■ Work to complete
In the records that follow, the lines from the one containing "والد هالاند يرد" to the one containing "Abercrombie & Fitch", inclusive, are to be given again exactly.

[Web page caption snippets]

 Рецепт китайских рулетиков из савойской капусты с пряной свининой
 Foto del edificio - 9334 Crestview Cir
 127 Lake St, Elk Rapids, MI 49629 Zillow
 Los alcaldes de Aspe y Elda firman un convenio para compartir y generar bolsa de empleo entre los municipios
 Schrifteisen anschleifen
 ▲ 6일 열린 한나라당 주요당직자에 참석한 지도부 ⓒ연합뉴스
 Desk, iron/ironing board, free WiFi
...
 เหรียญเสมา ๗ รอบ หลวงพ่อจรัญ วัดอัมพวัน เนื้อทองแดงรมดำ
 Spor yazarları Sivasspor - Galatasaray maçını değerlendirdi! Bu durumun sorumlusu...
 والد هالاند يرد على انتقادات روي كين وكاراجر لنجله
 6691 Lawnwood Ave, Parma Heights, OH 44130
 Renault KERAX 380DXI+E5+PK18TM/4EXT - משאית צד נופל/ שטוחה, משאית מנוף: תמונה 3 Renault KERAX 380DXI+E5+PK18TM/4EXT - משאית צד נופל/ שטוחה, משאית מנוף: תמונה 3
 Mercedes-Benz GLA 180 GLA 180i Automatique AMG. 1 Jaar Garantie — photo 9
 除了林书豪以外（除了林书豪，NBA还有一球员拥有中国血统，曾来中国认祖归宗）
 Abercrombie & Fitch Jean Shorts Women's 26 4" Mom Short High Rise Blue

■ Exercise solution
 والد هالاند يرد على انتقادات روي كين وكاراجر لنجله
 6691 Lawnwood Ave, Parma Heights, OH 44130
 Renault KERAX 380DXI+E5+PK18TM/4EXT - משאית צד נופל/ שטוחה, משאית מנוף: תמונה 3 Renault KERAX 380DXI+E5+PK18TM/4EXT - משאית צד נופל/ שטוחה, משאית מנוף: תמונה 3
 Mercedes-Benz GLA 180 GLA 180i Automatique AMG. 1 Jaar Garantie — photo 9
 除了林书豪以外（除了林书豪，NBA还有一球员拥有中国血统，曾来中国认祖归宗）
 Abercrombie & Fitch Jean Shorts Women's 26 4" Mom Short High Rise Blue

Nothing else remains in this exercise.